[Records shown Boundary: Start]

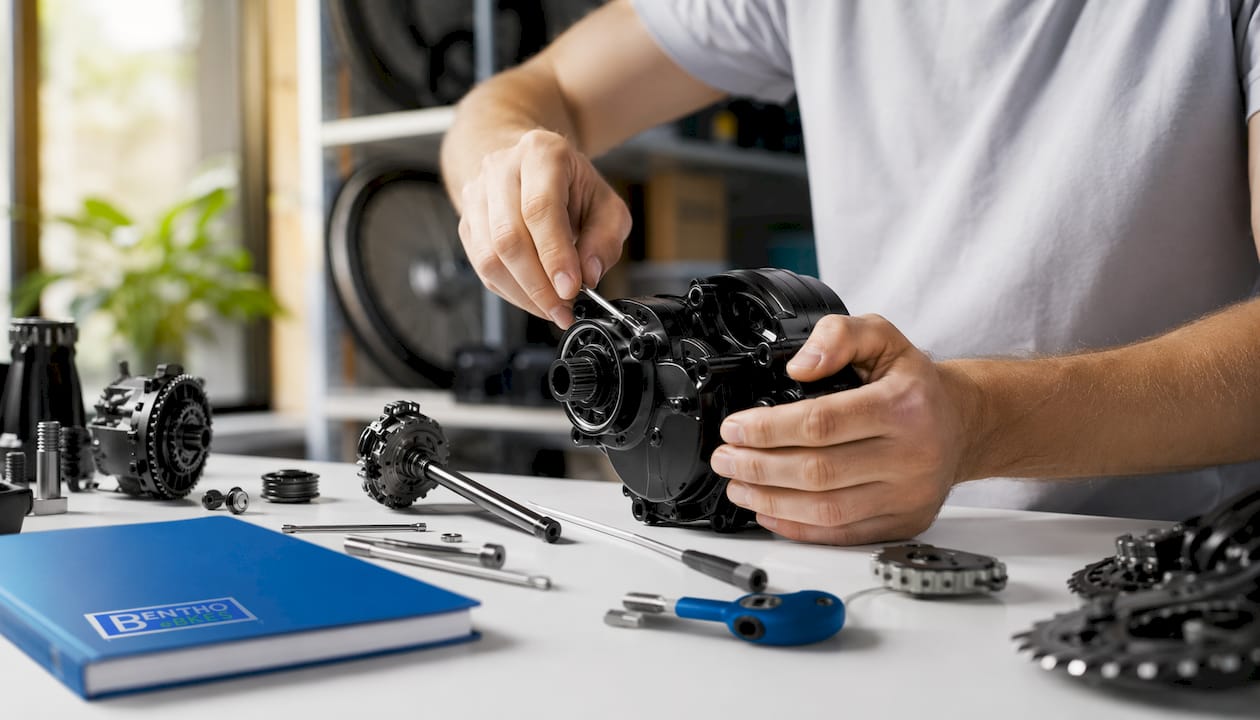 In der Werkstatt nimmt ein Mechaniker die Feinabstimmung des Mittelmotors eines E-Bikes vor.
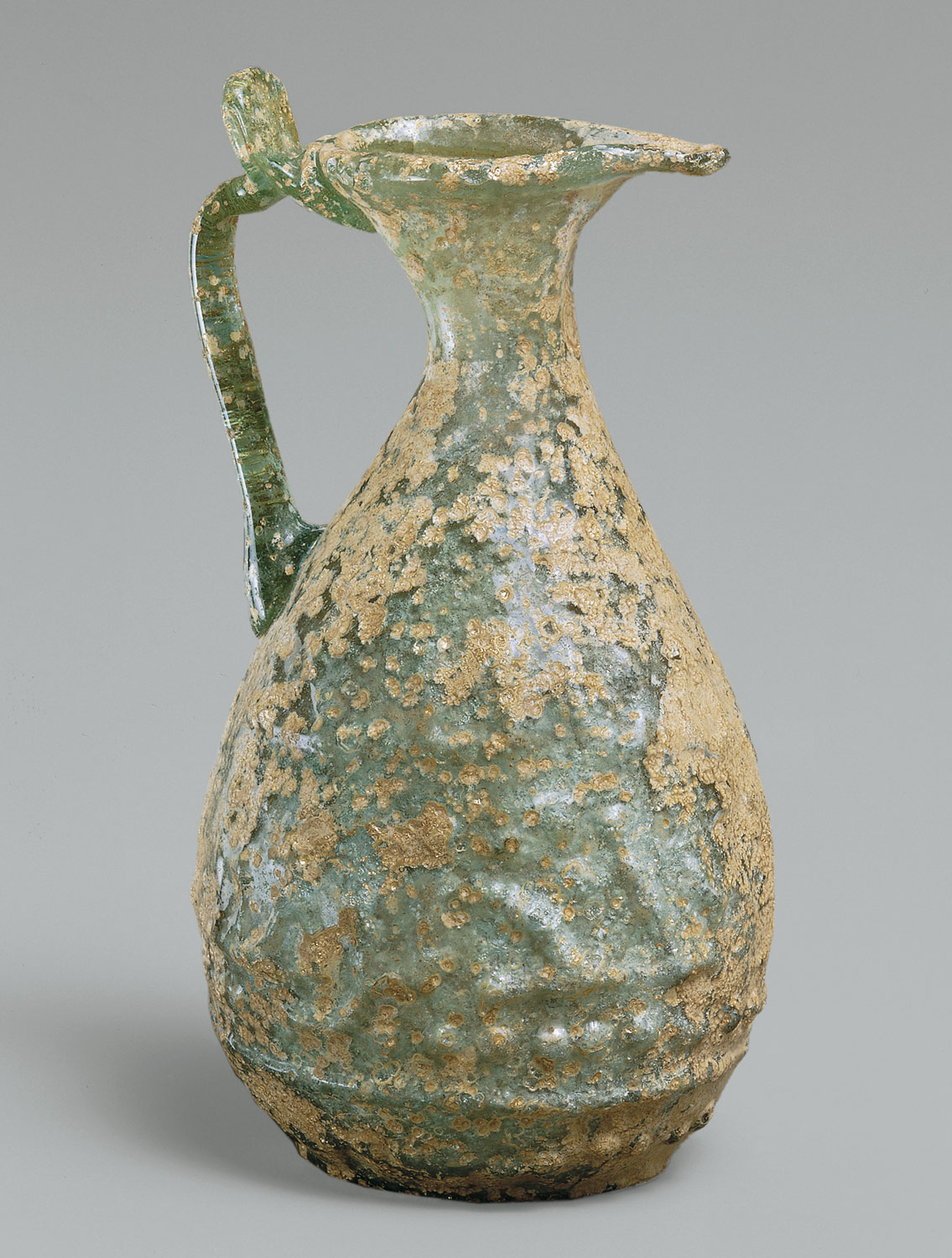 Ewer with Molded Inscription, ,Glass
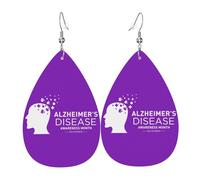 Pendientes De Piel Cinta Morada Del Mes De Concientización Sobre La Enfermedad De Alzheimer Aretes De Lujo Decoración De Ropa Para Vida Cotidiana Para Mujeres Y Niñas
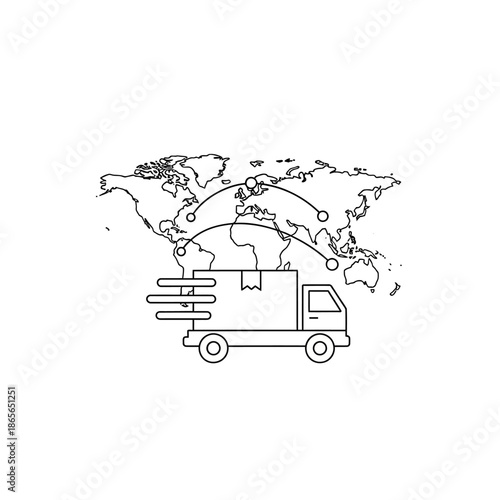 Global Shipping and Logistics Concept with Delivery Truck and World Map Background
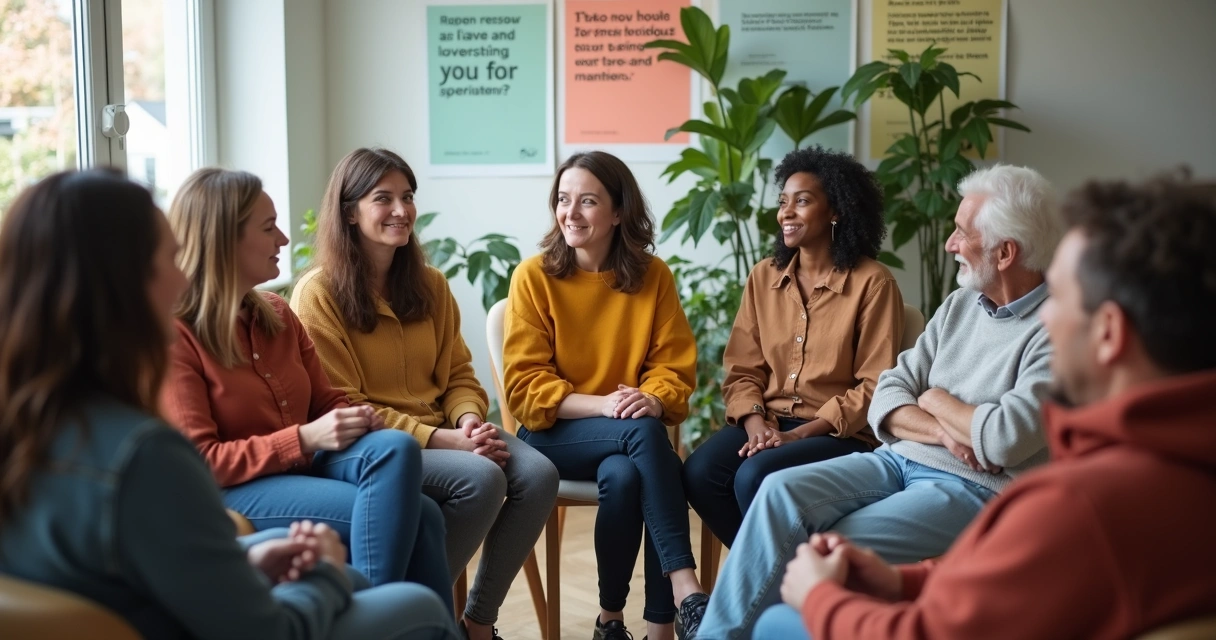 Grupo de pessoas sentadas em círculo conversando e sorrindo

[Records shown Boundary: End]

Exercise: Please give again the entries word for word, starting at the first line and ending with the line that contains "Ewer with Molded Inscription, ,Glass"; include both of those lines but none of the pictures.

Exercise answer:
 In der Werkstatt nimmt ein Mechaniker die Feinabstimmung des Mittelmotors eines E-Bikes vor.
 Ewer with Molded Inscription, ,Glass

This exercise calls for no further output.